Without any of the pictures, set down the data below exactly.

[Image-caption web data]
▽

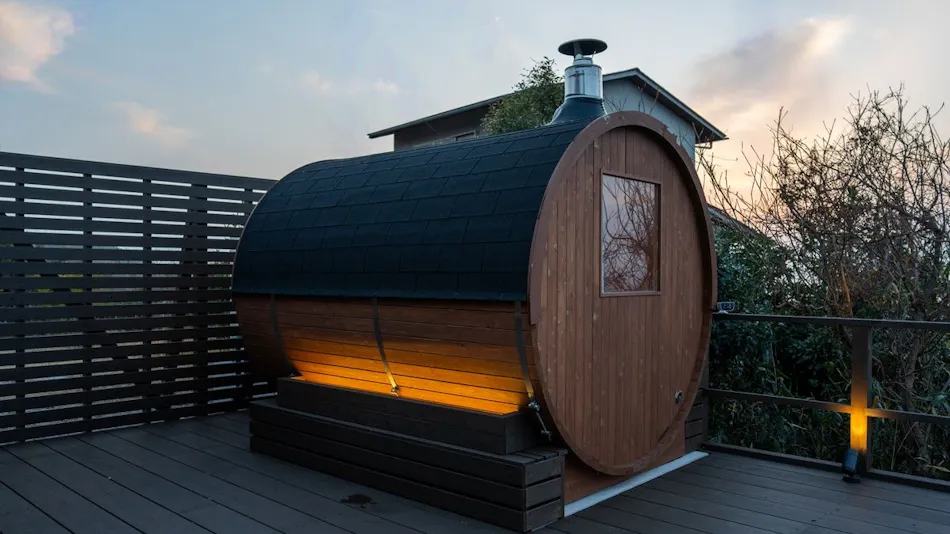 THE THERM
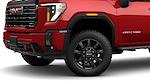 2025 GMC Sierra 2500 Crew Cab 4x4 Pickup for sale #G22392 - photo 31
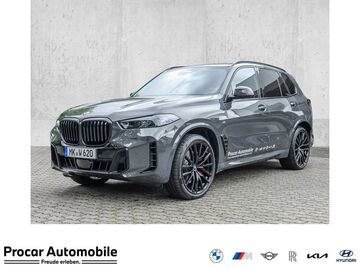 Gebrauchte BMW X5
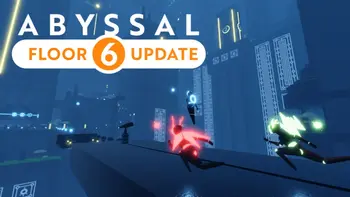 Abyssal Abyssal ROBLOX Wiki Fandom 350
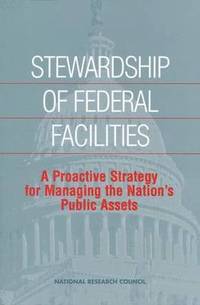 bokomslag Stewardship of Federal Facilities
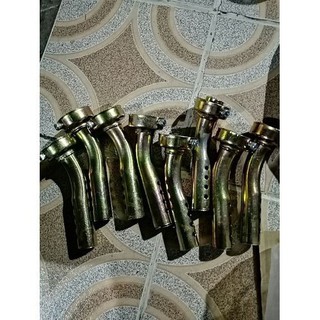 tiêu pô độ giá rẻ - tiêu ahm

△

**Result for this task:**
 THE THERM
 2025 GMC Sierra 2500 Crew Cab 4x4 Pickup for sale #G22392 - photo 31
 Gebrauchte BMW X5
 Abyssal Abyssal ROBLOX Wiki Fandom 350
 bokomslag Stewardship of Federal Facilities
 tiêu pô độ giá rẻ - tiêu ahm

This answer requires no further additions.